» **Directions**
Among the lines below, the one containing "Photo of Macro" opens the range and the one containing "A landscape shot" closes it. Print that range exactly, without the pictures.

[[ Data for analysis, beginning ]]

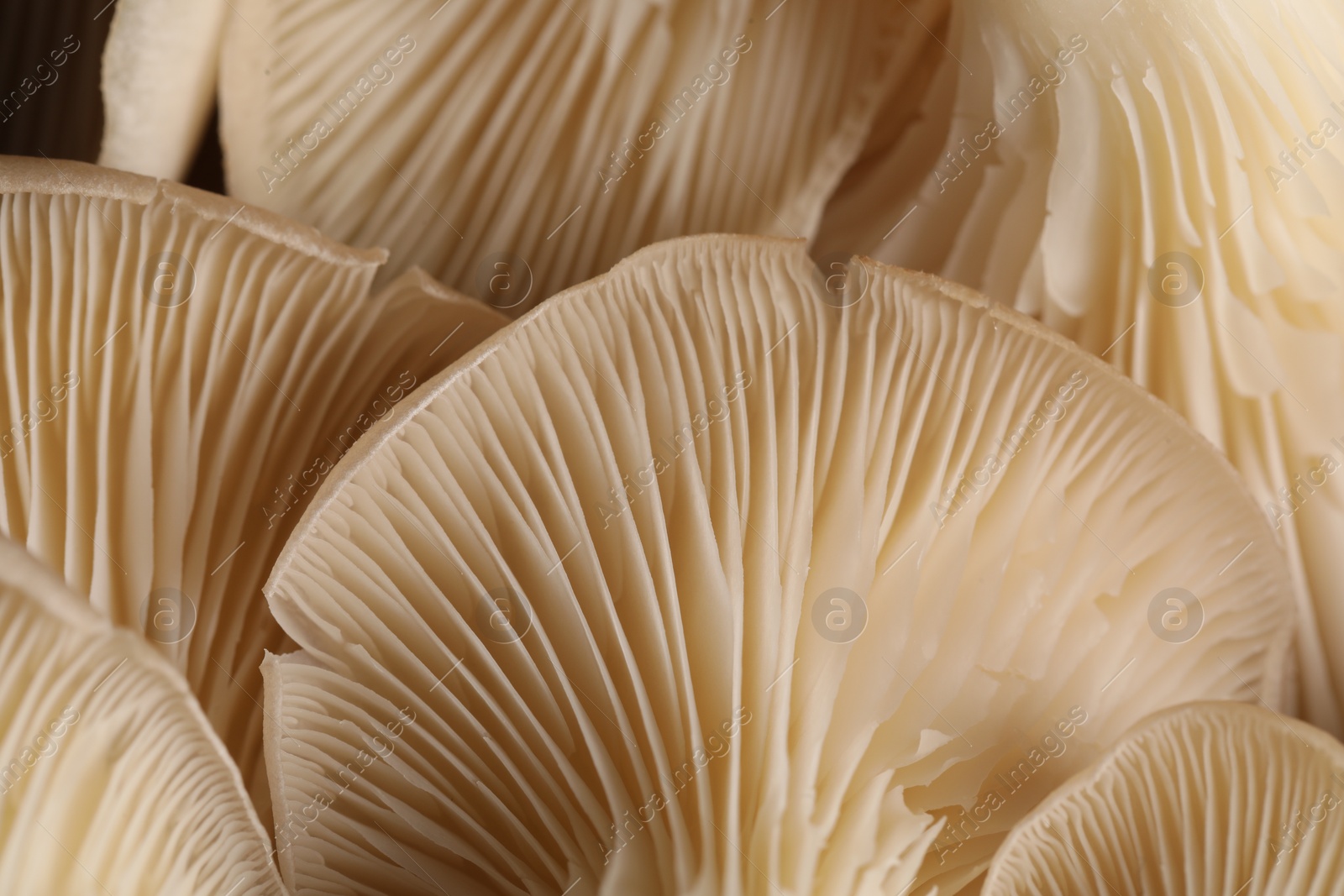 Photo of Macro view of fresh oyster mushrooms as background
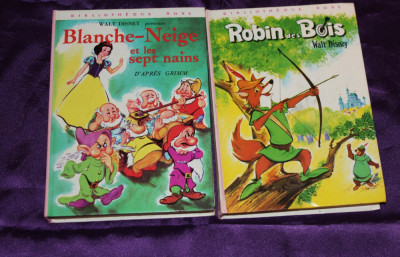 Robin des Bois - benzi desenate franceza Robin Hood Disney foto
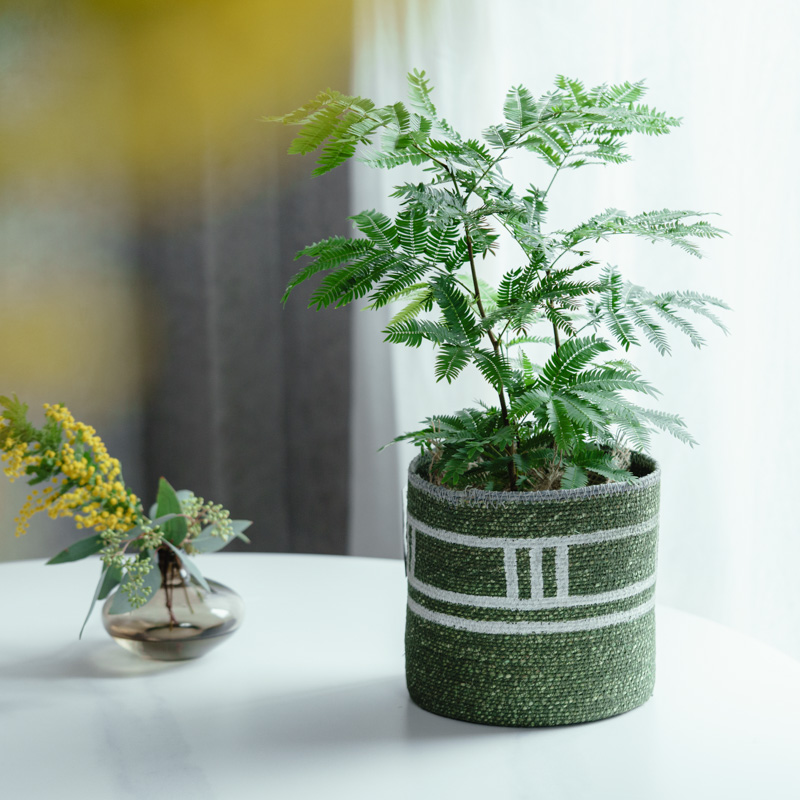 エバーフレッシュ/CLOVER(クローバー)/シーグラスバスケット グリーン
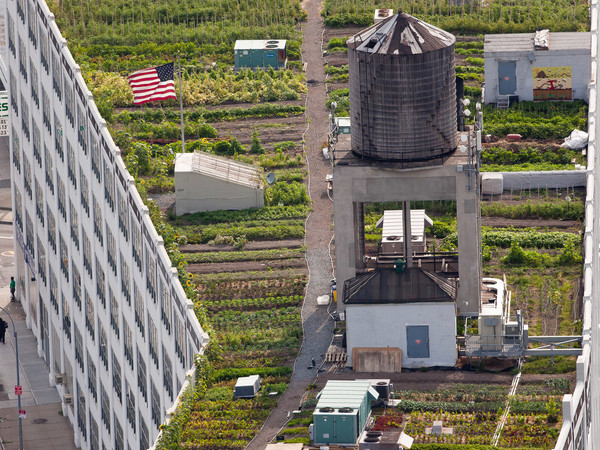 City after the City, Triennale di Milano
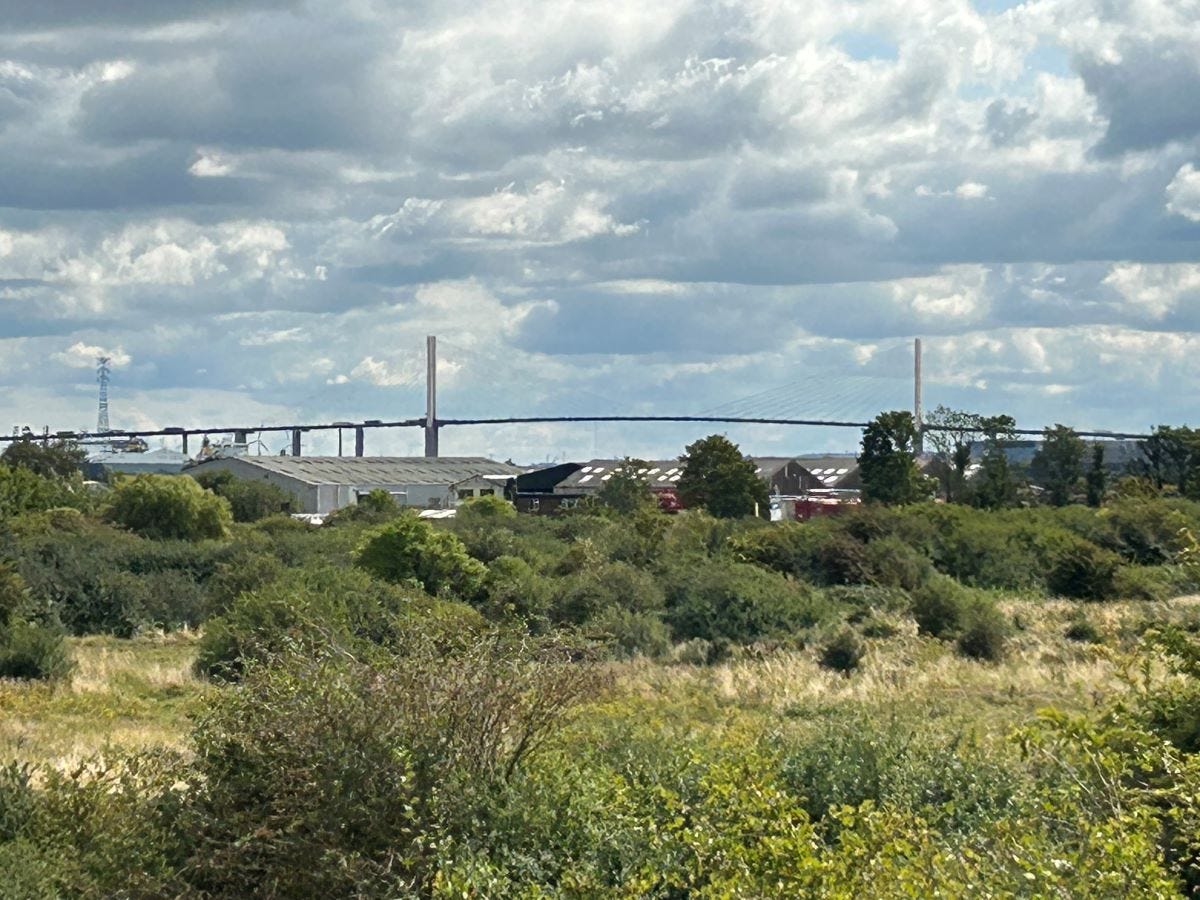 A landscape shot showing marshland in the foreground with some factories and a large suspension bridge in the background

[[ Data for analysis, end ]]
[[ Data for analysis, beginning ]]

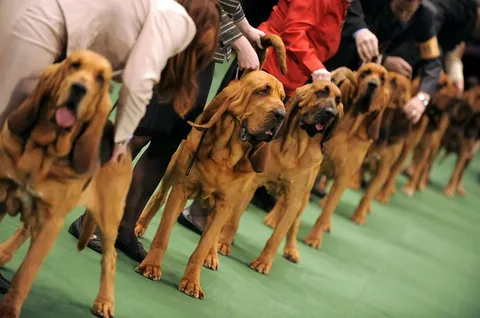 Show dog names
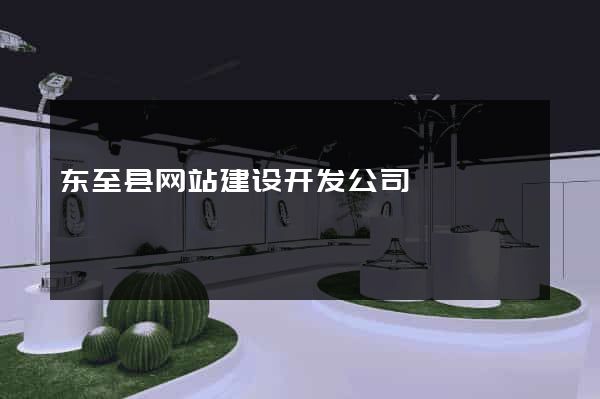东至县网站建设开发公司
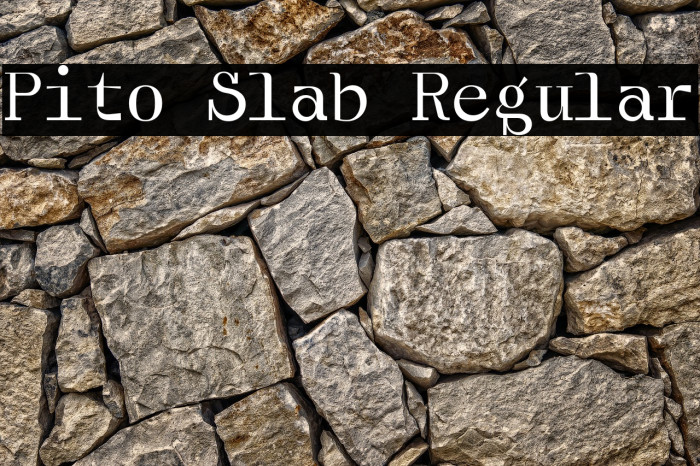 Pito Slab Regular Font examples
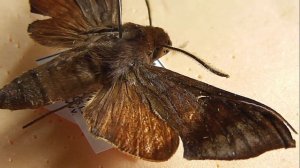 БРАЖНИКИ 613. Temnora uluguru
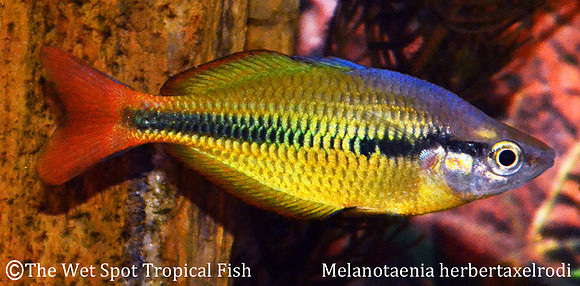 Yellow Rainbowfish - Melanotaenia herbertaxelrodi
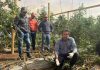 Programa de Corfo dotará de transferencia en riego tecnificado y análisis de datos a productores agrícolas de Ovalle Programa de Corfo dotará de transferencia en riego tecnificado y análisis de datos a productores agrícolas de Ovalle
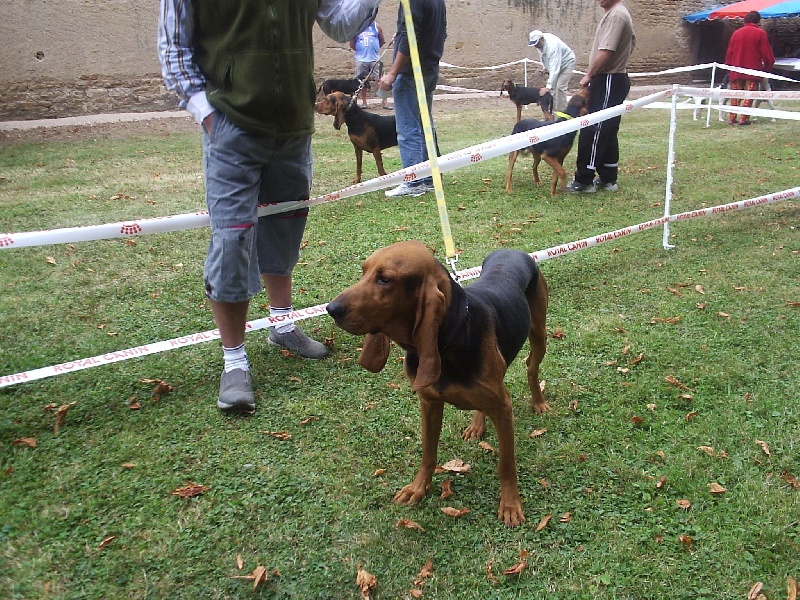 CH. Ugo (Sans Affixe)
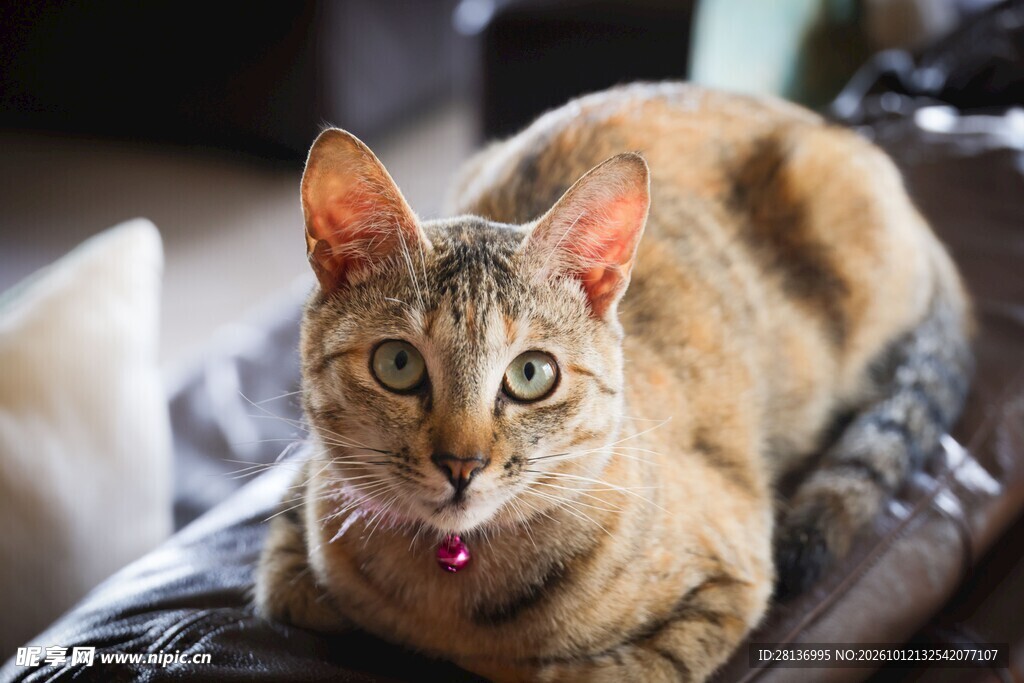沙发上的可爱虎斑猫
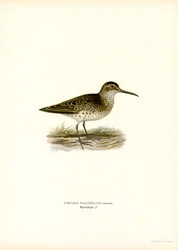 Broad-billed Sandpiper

[[ Data for analysis, end ]]
[[ Data for analysis, beginning ]]

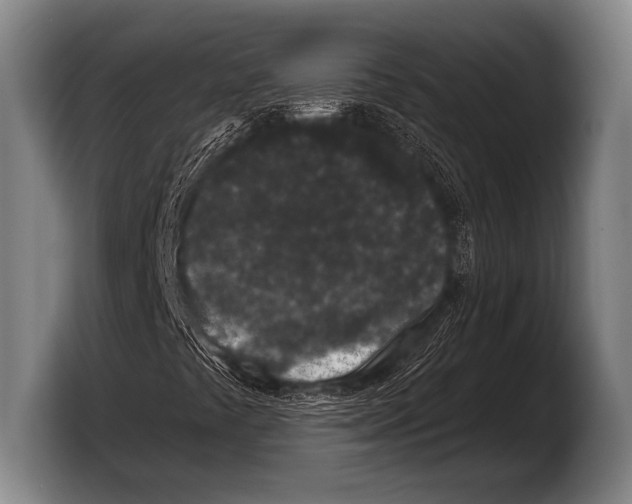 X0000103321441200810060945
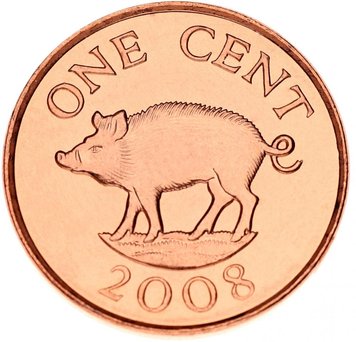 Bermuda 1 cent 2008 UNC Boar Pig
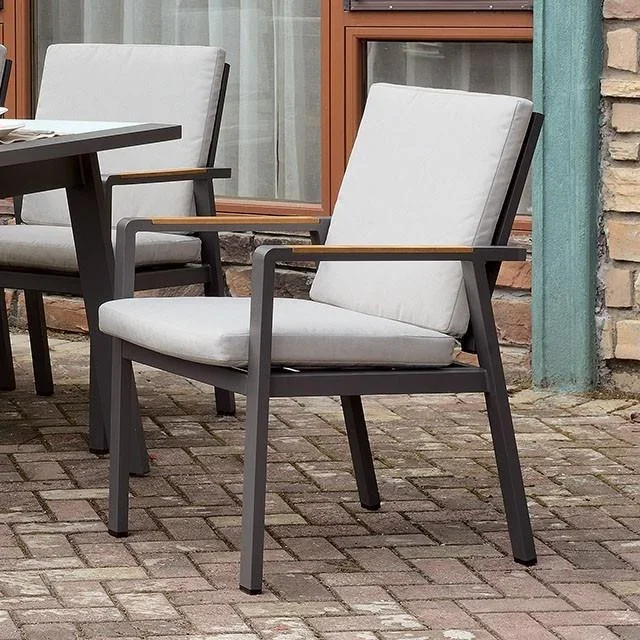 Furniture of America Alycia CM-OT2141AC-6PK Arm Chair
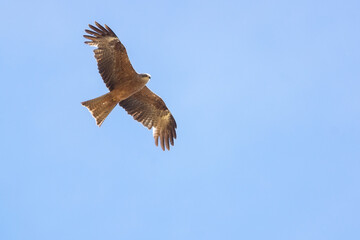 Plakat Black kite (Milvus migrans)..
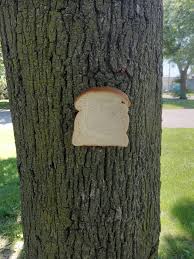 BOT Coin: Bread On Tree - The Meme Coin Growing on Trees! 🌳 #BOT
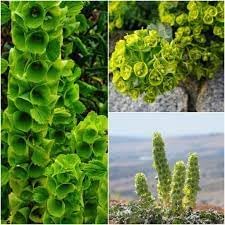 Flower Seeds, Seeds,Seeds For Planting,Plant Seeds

[[ Data for analysis, end ]]

» **Answer to this task**
 Photo of Macro view of fresh oyster mushrooms as background
 Robin des Bois - benzi desenate franceza Robin Hood Disney foto
 エバーフレッシュ/CLOVER(クローバー)/シーグラスバスケット グリーン
 City after the City, Triennale di Milano
 A landscape shot showing marshland in the foreground with some factories and a large suspension bridge in the background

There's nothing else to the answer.